Love Is Shown, Not Just Felt

Because love acts, it cannot be only words. John wrote, "let us not love in word, neither in tongue; but in deed and in truth" (1 John 3:18). God Himself loved this way, for "God so loved the world, that he gave" (John 3:16). His love moved Him to give His Son. Our love, if it is real, will move us to give as well, our time, our help, our forgiveness, our very lives if need be. Love that costs nothing and does nothing is not the love of the Bible.

Even Our Enemies

Anyone can love those who love him back. The love Christ calls for goes further. "Love your enemies, bless them that curse you, do good to them that hate you, and pray for them which despitefully use you" (Matthew 5:44). This is the hardest love, and it is the love that most resembles God, who sends rain on the just and the unjust alike.

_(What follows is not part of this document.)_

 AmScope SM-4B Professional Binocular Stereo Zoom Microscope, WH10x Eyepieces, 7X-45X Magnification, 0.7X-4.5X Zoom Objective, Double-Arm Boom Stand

To love only our friends is to do no more than the worst of men already do. To love an enemy is to act like a son of our Father in heaven.

The Greatest Thing

Paul ranked love above the most prized gifts and graces. Without it, he said, the most eloquent tongue is only noise and the greatest sacrifice profits nothing (1 Corinthians 13:1-3). And at the end he wrote, "And now abideth faith, hope, charity, these three; but the greatest of these is charity" (1 Corinthians 13:13). Love is also the sum of God's law toward others, for "love is the fulfilling of the law" (Romans 13:10). So love God first and with everything you are, and let that love spill over onto everyone around you, friend and enemy alike, not in word only, but in deed and in truth.